More generally, EU leaders can expect a harsh narrative from Ankara to become the new normal. After all, during the referendum campaign, several EU leaders were labeled “Nazi remnants” and fascists who could “revive gas chambers,” and the EU was branded a “rotten continent.” An anti-EU discourse is likely to remain a mainstay of Erdoğan’s foreign policy, a useful device to justify a strong leadership.

The United States will not be spared, especially as three pending issues are like open wounds. First, the exiled cleric Fethullah Gülen, who resides in the United States, is unlikely to be extradited to Turkey, as Ankara has requested. Second, the U.S. case now pending before a New York jurisdiction against Turkish businessman Reza Zarrab, who is accused of helping Iran evade international sanctions through a massive gold-trading scheme, remains a painful thorn for the president’s entourage. Third, the divergence between Ankara and Washington on the future military role of the Syrian Kurdish forces known as the People’s Protection Units (YPG) in the Syrian conflict is acute.

While a divided country will keep debating the future of its democracy, what matters for European leaders and citizens is what comes next for Turkey. In foreign policy, bare perceptions come before realities: Turkey will now resemble a Central Asian republic more than an EU democracy. The country will move far away from the EU political standards it once declared as its own ambition, while maintaining that all of this is done in the name of democracy.

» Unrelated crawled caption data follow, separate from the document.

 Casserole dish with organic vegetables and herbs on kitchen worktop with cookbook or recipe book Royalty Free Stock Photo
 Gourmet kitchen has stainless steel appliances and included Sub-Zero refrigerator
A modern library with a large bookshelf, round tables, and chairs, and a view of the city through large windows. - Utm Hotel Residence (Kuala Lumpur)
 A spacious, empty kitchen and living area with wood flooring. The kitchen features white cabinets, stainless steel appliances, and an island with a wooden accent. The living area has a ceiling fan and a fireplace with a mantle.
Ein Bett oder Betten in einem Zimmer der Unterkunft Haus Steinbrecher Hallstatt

Beyond controlling political power, a single-person executive regime will help implement a counter-Kemalist revolution (the so-called revenge of the Black Turks) and introduce a religious-conservative societal norm.

In short, with the new constitution, the political project of integrating Turkey into the EU is over. This suits the Turkish leadership, because the slightest move to return to a decent level of rule of law would constitute an obstacle to absolute presidential power. Cynically, this will also suit a number of EU leaders who either have never been convinced of Turkey’s European ambitions or have been dismayed by the wholesale dismantling of the country’s rule of law in the past few years.

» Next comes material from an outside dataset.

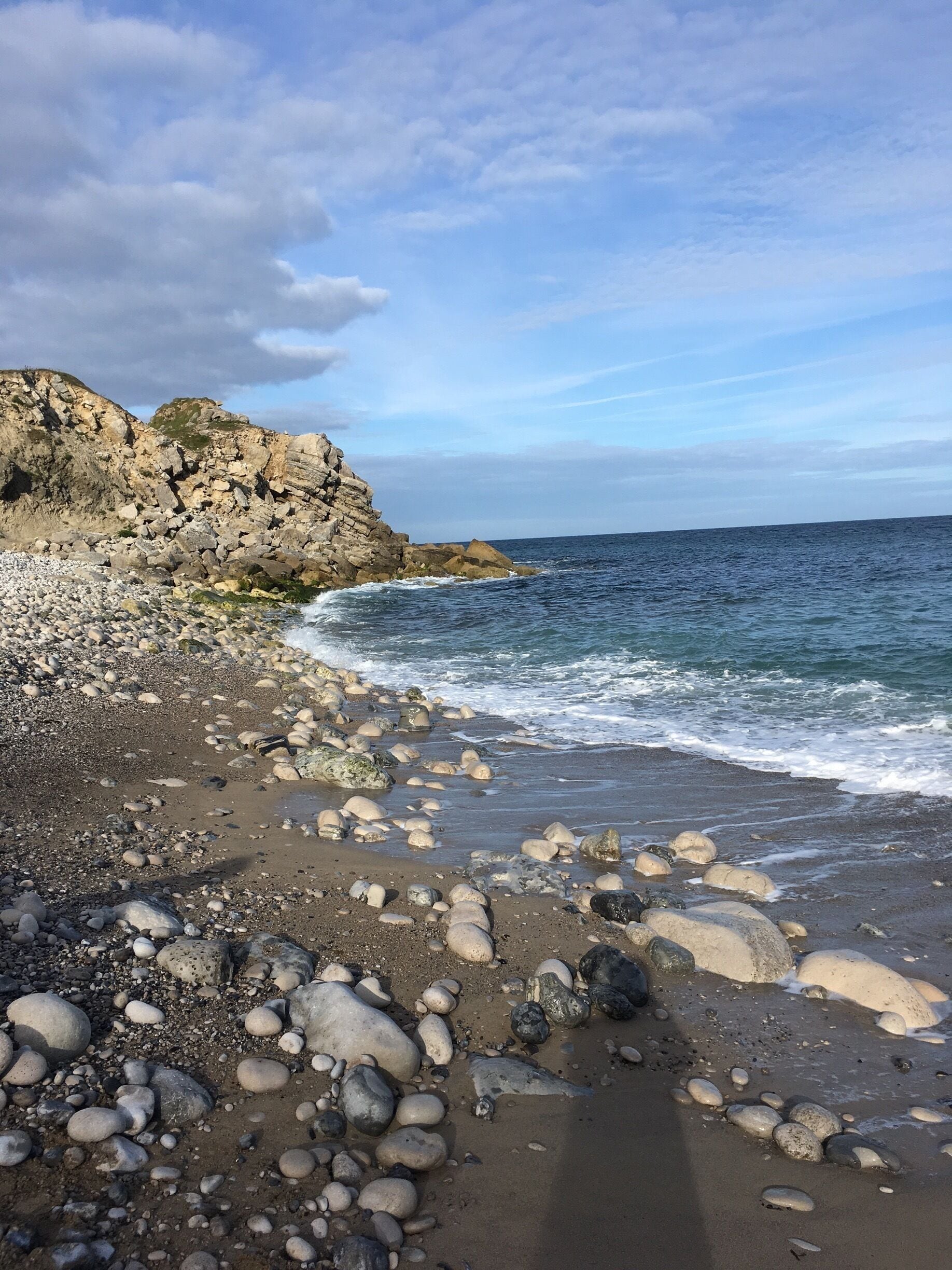 Beautiful quiet beach 
Very big pebbles, rocks so probably don't attempt to go barefoot.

A more transactional relationship will now be in order between the EU and Turkey. Priorities will include upgrading the EU-Turkey Customs Union, fostering antiterrorism cooperation, and implementing the tail end of the March 2016 EU-Turkey refugee agreement. The general narrative about sharing EU values and the EU being a strategic objective of Turkey may remain on Ankara’s books, but it will have zero credibility when the constitutional amendments become the law of the land. As an alternative to accession, Brussels could agree on a tailor-made partnership with Ankara in parallel with the new post-Brexit relationship between the EU and the UK. This would have the merit of clearing long-standing ambiguities.

At a personal level, with the exception of NATO and G20 summitry, the prospects of seeing the Turkish president hosted by the European Council are now distant. After Turkey decided to revert to openly hostile language with Europe and shift to an autocratic system, photo opportunities on gilded armchairs will come at a hefty electoral price for EU leaders at home. Despite an EU tradition of going to extreme lengths to try to find accommodations with third parties, high-level meetings with Turkey will become rare. The relationship will stay, but it will become colder.

The remaining challenge will be to preserve the hope of a return—one day—to a more democratic Turkey and not to equate all citizens of Turkey with their leadership. How the EU will continue to extend a hand to Turkish democrats is now a more important question than ever before.